Wandel im Bankenbereich

Doch auch diese sind wichtig, um zur Employability beizutragen. Gerade die Bankenbranche unterlag bereits in den Jahren vor der Coronakrise einem großen Wandel und starker Digitalisierung. Aufgaben, die früher von Mitarbeiterinnen ausgeführt wurden, machen die Kundinnen heute via E-Banking oder im Selbstbedienungsfoyer der Bank selbst, sagt Fetik. Gleichzeitig entstehen neue Aufgabenfelder. Trixner ist überzeugt, dass dieser Wandel längst nicht abgeschlossen ist, sondern sich fortsetzen wird. Nur durch Weiterbildung werden Arbeitnehmerinnen also ihre Jobs auch sichern können. Darüber seien sich die Arbeitgeberinnen- und Arbeitnehmerinnenseite einig und wüssten daher auch um die Wichtigkeit dieses Bildungs-KV.

David Gezzele, Arbeitgeberverhandler und Leiter Learning and Development der Erste Bank Österreich, bestätigt: „Gemeinsam ist es uns gelungen – abseits unterschiedlicher Standpunkte und Sichtweisen – ein für uns alle richtungsweisendes Bekenntnis zum Thema zukunftsorientierte Aus- und Weiterbildung zu verfassen. Es unterstreicht einmal mehr wofür wir in der Sparkassengruppe stehen.
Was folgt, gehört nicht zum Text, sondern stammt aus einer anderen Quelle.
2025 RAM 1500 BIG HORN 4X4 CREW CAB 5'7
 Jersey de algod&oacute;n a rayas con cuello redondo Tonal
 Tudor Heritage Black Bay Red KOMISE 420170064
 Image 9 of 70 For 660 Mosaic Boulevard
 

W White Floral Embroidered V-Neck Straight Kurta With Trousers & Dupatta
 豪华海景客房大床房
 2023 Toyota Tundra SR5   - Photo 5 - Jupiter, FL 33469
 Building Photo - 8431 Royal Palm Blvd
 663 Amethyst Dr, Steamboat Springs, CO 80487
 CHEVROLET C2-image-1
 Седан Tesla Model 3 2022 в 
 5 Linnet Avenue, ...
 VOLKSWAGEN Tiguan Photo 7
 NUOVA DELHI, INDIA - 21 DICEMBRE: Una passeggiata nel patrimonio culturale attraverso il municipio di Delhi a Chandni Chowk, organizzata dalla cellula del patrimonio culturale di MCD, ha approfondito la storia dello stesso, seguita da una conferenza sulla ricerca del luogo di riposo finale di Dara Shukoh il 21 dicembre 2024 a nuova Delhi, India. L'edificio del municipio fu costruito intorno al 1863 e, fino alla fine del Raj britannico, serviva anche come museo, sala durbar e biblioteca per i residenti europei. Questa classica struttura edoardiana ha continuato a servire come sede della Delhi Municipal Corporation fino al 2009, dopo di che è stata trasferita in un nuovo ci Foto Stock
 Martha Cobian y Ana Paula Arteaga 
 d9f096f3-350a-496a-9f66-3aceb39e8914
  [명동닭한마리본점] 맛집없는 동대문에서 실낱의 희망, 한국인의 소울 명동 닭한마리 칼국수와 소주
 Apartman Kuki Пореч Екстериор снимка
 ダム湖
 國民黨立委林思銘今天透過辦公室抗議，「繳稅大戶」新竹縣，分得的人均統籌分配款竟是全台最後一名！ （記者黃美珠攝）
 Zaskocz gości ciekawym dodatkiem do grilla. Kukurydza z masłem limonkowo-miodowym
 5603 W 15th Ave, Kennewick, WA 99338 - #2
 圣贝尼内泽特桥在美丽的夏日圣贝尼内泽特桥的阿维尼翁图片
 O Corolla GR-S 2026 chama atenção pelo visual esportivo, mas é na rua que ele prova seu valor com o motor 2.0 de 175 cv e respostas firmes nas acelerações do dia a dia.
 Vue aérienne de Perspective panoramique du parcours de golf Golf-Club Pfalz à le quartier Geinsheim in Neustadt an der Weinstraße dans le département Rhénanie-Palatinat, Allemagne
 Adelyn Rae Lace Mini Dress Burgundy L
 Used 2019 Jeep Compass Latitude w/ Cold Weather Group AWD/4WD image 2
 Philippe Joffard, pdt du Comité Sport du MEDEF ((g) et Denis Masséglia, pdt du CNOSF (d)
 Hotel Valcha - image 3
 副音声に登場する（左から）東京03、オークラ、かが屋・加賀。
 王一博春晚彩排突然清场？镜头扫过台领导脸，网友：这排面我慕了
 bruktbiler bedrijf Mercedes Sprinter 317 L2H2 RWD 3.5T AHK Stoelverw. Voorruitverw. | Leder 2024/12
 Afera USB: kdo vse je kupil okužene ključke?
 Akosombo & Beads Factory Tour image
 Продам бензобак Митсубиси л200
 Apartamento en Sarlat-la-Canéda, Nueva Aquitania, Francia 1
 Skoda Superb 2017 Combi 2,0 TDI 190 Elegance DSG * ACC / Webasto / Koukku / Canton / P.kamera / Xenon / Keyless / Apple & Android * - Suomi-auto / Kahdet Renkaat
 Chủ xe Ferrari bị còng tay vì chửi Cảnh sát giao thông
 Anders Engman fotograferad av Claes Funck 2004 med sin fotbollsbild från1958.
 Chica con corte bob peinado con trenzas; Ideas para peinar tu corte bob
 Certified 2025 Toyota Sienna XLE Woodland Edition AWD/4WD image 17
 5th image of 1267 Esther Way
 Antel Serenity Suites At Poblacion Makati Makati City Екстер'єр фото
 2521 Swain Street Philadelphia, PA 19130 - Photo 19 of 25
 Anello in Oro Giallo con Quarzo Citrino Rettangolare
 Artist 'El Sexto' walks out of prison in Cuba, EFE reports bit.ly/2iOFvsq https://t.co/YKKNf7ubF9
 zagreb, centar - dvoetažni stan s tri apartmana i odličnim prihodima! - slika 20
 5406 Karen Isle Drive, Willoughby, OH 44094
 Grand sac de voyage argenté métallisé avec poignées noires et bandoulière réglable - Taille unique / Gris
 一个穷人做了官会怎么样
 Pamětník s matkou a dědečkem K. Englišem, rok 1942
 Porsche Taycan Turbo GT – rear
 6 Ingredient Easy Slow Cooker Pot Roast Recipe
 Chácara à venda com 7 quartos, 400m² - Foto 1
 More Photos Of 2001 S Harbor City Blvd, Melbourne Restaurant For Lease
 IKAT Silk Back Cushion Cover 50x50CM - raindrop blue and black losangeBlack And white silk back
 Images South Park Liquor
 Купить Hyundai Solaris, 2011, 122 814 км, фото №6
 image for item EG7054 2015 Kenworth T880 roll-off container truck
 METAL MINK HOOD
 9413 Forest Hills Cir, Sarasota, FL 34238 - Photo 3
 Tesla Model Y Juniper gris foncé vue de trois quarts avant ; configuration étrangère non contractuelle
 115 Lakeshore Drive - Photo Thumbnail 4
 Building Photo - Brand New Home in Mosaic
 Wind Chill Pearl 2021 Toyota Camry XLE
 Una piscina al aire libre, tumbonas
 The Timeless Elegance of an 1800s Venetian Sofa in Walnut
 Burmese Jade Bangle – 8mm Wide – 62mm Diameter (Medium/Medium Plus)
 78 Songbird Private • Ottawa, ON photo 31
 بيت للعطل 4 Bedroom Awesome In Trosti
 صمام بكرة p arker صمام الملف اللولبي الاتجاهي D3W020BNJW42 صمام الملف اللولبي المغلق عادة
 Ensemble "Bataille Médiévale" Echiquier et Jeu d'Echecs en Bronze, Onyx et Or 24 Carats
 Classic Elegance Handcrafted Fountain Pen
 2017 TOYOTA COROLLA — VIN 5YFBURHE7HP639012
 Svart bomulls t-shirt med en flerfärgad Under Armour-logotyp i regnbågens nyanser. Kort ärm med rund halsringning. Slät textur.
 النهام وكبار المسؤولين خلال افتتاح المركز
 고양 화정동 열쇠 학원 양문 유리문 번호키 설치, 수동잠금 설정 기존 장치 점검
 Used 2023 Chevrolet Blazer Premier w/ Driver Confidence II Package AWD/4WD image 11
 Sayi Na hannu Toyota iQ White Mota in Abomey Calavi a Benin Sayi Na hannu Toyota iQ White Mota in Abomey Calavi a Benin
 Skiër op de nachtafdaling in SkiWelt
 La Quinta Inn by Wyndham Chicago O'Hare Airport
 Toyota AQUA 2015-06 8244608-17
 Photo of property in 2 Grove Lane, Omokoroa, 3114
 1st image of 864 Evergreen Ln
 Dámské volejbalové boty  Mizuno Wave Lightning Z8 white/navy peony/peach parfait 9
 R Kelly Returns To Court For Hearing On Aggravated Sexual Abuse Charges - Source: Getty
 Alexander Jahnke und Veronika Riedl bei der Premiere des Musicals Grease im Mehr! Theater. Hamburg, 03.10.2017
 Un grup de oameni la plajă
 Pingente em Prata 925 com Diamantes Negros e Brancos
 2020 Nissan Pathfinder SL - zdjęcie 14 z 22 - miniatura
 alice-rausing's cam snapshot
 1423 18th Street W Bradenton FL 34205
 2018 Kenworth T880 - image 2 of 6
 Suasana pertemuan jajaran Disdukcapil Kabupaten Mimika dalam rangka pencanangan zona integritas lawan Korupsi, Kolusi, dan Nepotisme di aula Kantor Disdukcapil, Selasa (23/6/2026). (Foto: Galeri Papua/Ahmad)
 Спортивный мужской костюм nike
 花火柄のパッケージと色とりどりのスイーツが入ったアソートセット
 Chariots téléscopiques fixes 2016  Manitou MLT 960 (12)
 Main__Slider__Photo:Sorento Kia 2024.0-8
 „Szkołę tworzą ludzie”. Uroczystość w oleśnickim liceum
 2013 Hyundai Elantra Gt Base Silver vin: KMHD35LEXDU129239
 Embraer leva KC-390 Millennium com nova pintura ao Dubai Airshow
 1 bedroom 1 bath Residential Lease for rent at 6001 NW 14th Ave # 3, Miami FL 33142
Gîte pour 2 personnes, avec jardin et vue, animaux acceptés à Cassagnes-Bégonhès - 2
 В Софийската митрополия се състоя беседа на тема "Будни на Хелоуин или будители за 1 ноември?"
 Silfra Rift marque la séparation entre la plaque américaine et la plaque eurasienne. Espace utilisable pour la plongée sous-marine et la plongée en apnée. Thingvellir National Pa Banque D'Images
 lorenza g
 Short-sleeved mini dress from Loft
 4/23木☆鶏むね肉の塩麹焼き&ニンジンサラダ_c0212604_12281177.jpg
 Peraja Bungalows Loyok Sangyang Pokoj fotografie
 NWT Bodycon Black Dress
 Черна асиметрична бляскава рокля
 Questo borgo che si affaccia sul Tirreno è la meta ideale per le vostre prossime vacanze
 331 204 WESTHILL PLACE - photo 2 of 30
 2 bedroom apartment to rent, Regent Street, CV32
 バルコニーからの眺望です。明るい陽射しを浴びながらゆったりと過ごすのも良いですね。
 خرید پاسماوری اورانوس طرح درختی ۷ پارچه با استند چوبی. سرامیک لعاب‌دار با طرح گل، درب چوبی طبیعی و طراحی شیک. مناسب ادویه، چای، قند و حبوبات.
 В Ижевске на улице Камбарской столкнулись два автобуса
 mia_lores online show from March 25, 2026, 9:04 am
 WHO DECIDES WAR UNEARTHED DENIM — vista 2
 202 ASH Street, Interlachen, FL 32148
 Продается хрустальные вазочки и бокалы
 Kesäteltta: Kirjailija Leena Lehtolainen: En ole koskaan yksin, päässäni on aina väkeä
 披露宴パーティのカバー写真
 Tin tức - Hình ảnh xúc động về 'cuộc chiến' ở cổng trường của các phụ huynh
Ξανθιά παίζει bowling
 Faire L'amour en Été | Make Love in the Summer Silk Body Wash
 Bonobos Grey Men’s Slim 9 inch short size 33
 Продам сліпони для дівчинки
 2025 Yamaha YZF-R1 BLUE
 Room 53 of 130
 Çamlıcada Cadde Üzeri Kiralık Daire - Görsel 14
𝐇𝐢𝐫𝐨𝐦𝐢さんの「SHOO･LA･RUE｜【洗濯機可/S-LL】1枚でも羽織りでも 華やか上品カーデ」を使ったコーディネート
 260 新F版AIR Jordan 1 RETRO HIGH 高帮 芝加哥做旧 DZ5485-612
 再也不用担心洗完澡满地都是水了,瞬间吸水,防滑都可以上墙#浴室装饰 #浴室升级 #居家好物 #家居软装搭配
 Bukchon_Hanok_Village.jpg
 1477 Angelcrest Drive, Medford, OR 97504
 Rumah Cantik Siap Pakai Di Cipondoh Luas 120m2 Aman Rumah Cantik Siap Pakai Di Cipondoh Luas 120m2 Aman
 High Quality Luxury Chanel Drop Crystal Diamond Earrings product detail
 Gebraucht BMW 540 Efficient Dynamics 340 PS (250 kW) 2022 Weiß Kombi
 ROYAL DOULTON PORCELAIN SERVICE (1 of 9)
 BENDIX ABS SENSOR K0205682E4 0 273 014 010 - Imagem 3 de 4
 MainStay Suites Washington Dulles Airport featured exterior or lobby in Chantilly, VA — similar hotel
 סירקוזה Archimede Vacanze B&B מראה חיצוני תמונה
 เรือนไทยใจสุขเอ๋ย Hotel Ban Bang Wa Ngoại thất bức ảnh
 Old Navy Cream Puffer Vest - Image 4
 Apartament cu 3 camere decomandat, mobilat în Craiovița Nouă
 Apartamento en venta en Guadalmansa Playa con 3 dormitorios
Dass wir u.a. den Mut haben voran zu gehen und unsere Werte und Bekenntnisse auch verbindlich verschriftlichen. Wie in diesem Bildungs-KV.“

Hons unterstreicht ebenfalls, dass dieser Kollektivvertrag „ein sehr gutes Ergebnis von sozialpartnerschaftlichen Verhandlungen zwischen Dienstgeberinnen und Dienstnehmerinnen“ sei und von beiden Seiten getragen werde. Sie sieht den KV auch als Instrument, um langfristig Jobs in dieser Branche zu sichern. „Der Tenor ist: ich habe gute Leute und will sie so lange wie möglich im Unternehmen behalten, auch wenn sich ihre Aufgabe und Arbeitsweise ändern können.“

Wie der Bildungs-KV greift, soll in den kommenden Jahren regelmäßig evaluiert werden. Die Bildungskommission wird dabei die Daten zu Fortbildungen und Personalentwicklung auswerten und das Angebot auch entsprechend anpassen und weiterentwickeln. Hons findet dies genauso positiv wie die Tatsache, dass der KV vorsieht, dass Aus- und Weiterbildung in der Arbeitszeit stattfinden. Der KV zeigt den hohen Stellenwert von Aus – und Weiterbildung im Sparkassensektor. Fetik und Trixner sind davon überzeugt, dass der Schwerpunkt Bildung und die daraus resultierende Zukunftsperspektive für junge Menschen bei ihrer Berufswahl entscheidend sein wird. Erste Bank und Sparkassen sind damit jedenfalls attraktive Arbeitgeberinnen.